1. No silent access. If source="device" or precision="exact" is requested, the UA must not automatically obtain coordinates. It must prompt for explicit permission and explain why.
2. Permissions-Policy integration. If the origin is disallowed, the UA must not prompt and should behave as if denied.
3. Privacy preferences override. Browser-level or user preferences (e.g., "never share precise location") override author requests.
4. Event hooks. When permission is granted, the UA may dispatch a cancellable locationready event on the element that scripts can listen to.

5. Use cases & examples

5.1 Author-specified place (no device access)

<location method="explicit" source="author" precision="city">
  <place>Reykjavík, Iceland</place>
</location>

5.2 Device-backed local content (user opt-in)

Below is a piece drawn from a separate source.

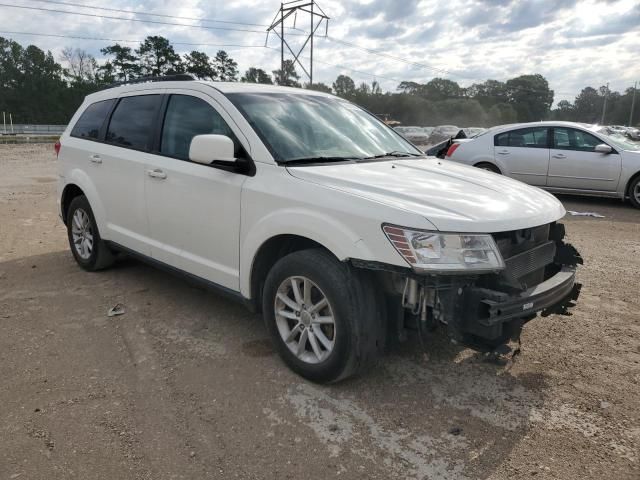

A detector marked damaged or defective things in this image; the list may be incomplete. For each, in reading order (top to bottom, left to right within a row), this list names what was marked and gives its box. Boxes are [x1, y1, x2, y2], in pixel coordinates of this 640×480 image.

<location method="inferred" source="device" precision="exact" privacy="masked">
  <place>My current place</place>
</location>

<script>
document.querySelector('location[precision="exact"]').addEventListener('locationready', e => {
  // e.detail may contain coordinates or an obfuscated location
});
</script>

5.3 Privacy-first indexing

Search engines and crawlers may treat privacy="private" as a signal not to index location metadata, or may index only obfuscated, lower-precision values.

6. Privacy, security & accessibility considerations

• Explicit consent & transparent prompts; audit logs of consent where appropriate.
• Granular defaults: coarse precision unless user elevates permission.
• Respect existing privacy controls: Permissions-Policy, site settings, and browser toggles.
• Accessibility: ensure readable children and ARIA-friendly content and fallback text when location is masked.
• Security: treat location metadata as sensitive in cross-origin contexts; block third-party frames unless allowed.

7. Implementation notes for browsers

Browser duties include prompting UI, permission persistence, mapping precision to obfuscation strategies (e.g., regional centroids or randomized offsets), and enforcing policies. Consider exposing a small helper API mirroring Geolocation semantics (e.g., element.requestLocation()) that remains subject to the same checks.

8. Migration & compatibility

Sites using microformats, RDFa or ad-hoc attributes can progressively emit <location> as a semantic wrapper. Crawlers can map existing geotags to the new element without breaking behavior.

9. Potential objections & responses

“This leaks location.”

The element is privacy-oriented and does not relax consent requirements; instead it makes intent explicit and ensures the UA enforces permission and precision defaults.

“We already have geotags.”dt>

<location> is a first-class semantic element that unifies metadata and integrates with permissions and privacy controls, improving accessibility and indexing.

10. Draft spec excerpt (normative)

"The <location> element represents metadata about the place associated with the content of its host element. Authors must not use the element to circumvent user consent for location. Browsers must not obtain precise coordinates for <location> elements labeled source='device' and precision='exact' without explicit runtime permission following Geolocation API semantics and respecting Permissions-Policy settings."

11. Next steps

1. Open a GitHub/WHATWG editor-discussion with the normative excerpt.
2. Request feedback from privacy and accessibility groups (W3C TAG, WCAG, browser vendors).
3. Prototype UA behavior behind an experimental flag and provide CMS adapters.